With opening three-day ticket sales of $34.3 million (and a five-day gross of $49 million), “Enchanted” surprised not only box-office prognosticators but also Disney executives.
Buoyed by consistently favorable reviews and a larger-than-expected turnout by men and boys, the fairy tale story easily surpassed four new movies in wide release.
Now the hard work begins.
Even the most popular movies, especially those aimed at families, get keelhauled the week after Thanksgiving. Part of the problem is that the Friday of Thanksgiving weekend is one of the busiest multiplex days of the year, so the following Friday (and the weekend that goes with it) is doomed in comparison.

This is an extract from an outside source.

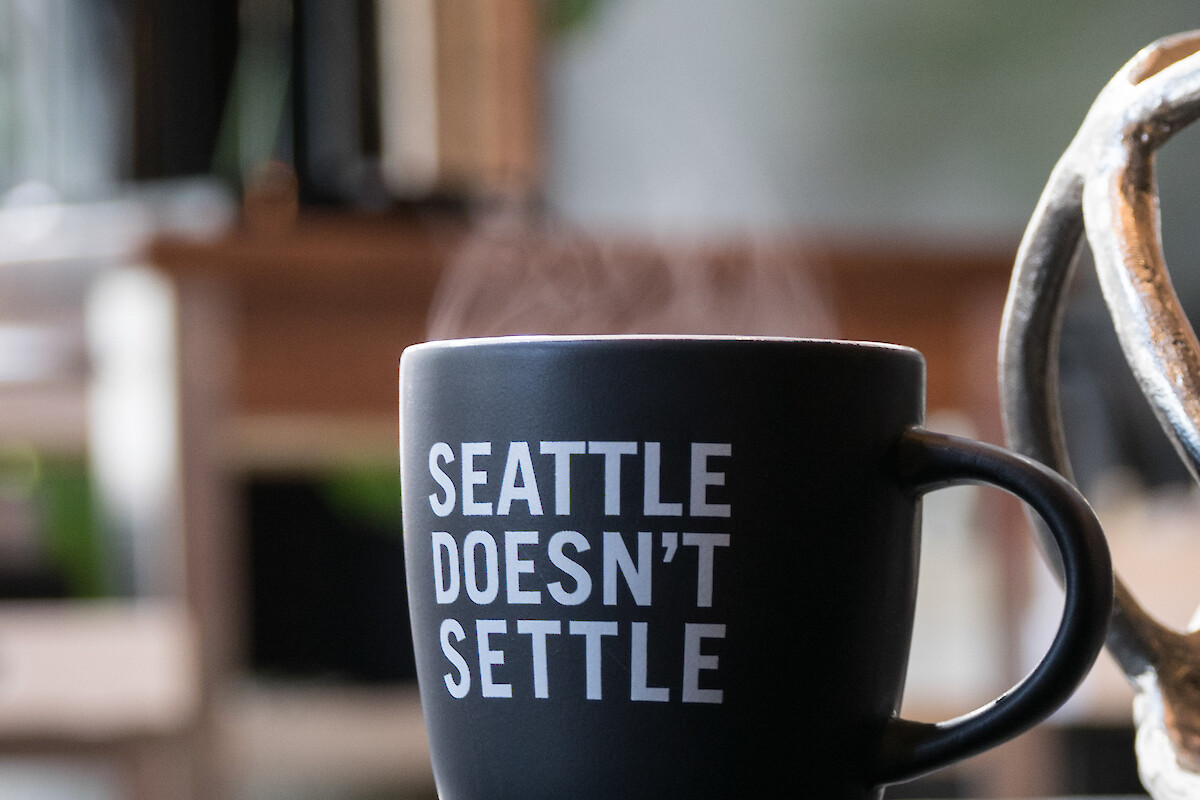 A black coffee mug with the phrase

In 1999, Disney’s “Toy Story 2" fell 52% from its Thanksgiving weekend debut to the next weekend. In 1998, “A Bug’s Life” dropped 48%. Last year, Warner Bros.’ “Happy Feet” (which was in its second weekend of release over Thanksgiving) tumbled 53%.

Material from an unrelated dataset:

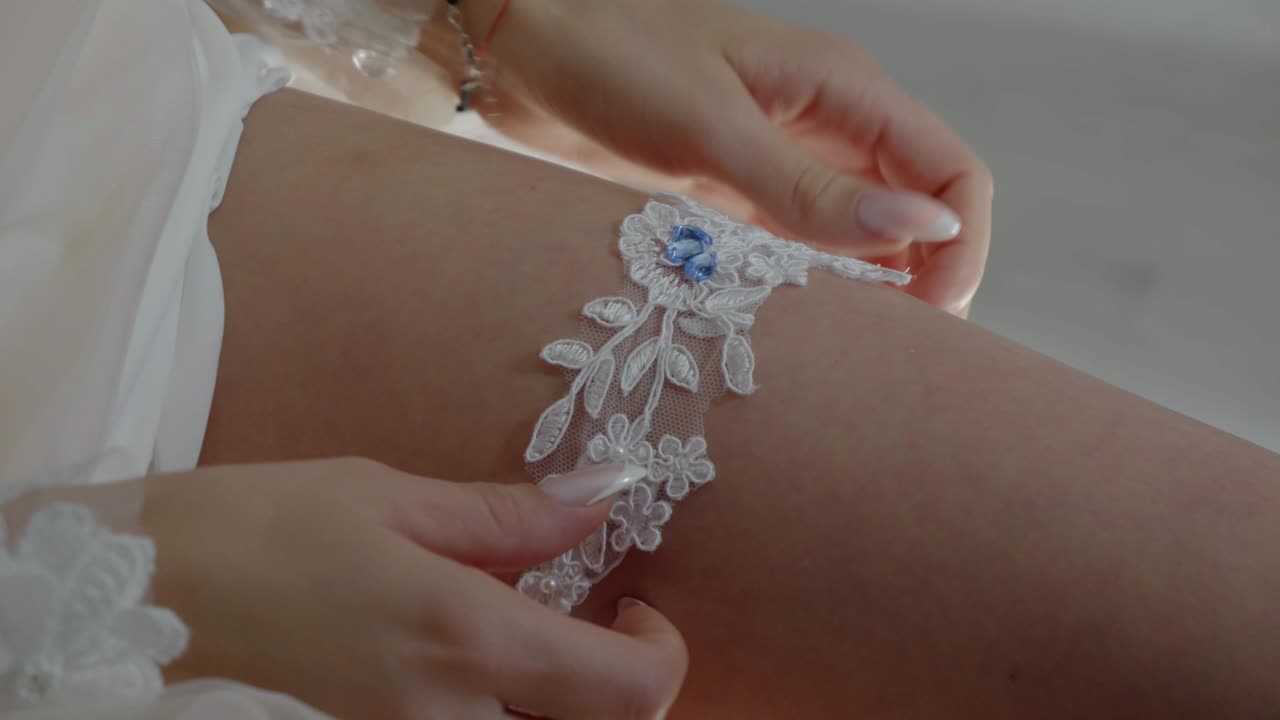 Bride’s Morning – Adjusting Garter with Blue Detail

“I have been bracing myself for it,” says Kevin Lima, “Enchanted’s” director. “I’ve been forewarned.”
If “Enchanted” can slip only 40%, falling to around $20 million for the coming weekend, that would be cause for a Disney celebration. And yet it’s possible, because Disney is just now starting to sell “Enchanted” for what it truly is.
From the very first conversations about “Enchanted’s” marketing, the studio avoided selling the film as a princess story (even though, at its heart, that’s just what it is). Instead, Disney focused on the movie’s unusual blend of animation and live action, preparing audiences for the mixed genres.

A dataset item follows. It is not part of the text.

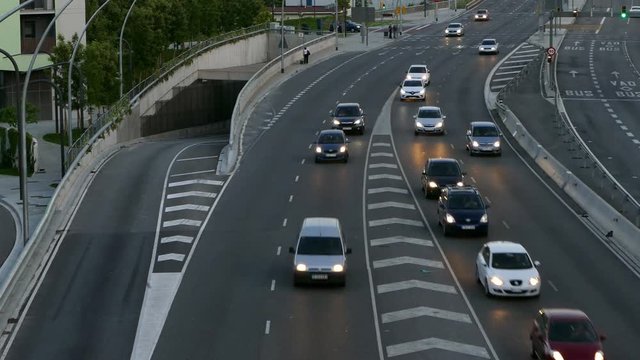 Traffic at dusk in a main street of entry and exit of Barcelona. Top view. Time Lapse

“I always felt the concept was the star of the movie -- a Disney princess who comes to life as a real woman -- is what stood out and made it feel original,” Lima says.
Disney worried that focusing on the fairy-tale romance between Giselle (Amy Adams) and Robert (Patrick Dempsey) would scare off male moviegoers, leaving “Enchanted” with an audience that skewed as heavily female as “Hairspray’s.” Early trailers and Internet promotions also steered clear of the film’s musical numbers. Instead, the marketing focused on the film’s Disney pedigree, its characters and physical comedy.
“I don’t think we hid the music in any way, but we didn’t feature the music so that we’d be pigeonholed in one genre,” says Mark Zoradi, Disney’s worldwide head of marketing and distribution.
Once moviegoers started to see the movie, men and boys apparently didn’t mind the music and romance; the opening weekend audience was 60% female and 40% male, the studio says. “It wasn’t just moms and daughters coming to the movie -- it was the whole family,” Lima says.
Disney has started running new television spots heralding “Enchanted’s” glowing reviews and No. 1 finish at the box office. Other TV advertisements, some of which started running before the film opened, are narrowly focused on selling the film’s romance. “There’s a much greater understanding now,” Zoradi says, “of what the movie is.”
With the film opening strongly not only here but also overseas, Disney is considering an “Enchanted” sequel. A domestic gross of $150 million or more seems possible.
And, for the time being, Disney will promote the movie it has, not the movie it feared. “It’s first and foremost a romantic comedy,” Lima says. “And we shouldn’t be afraid of that.”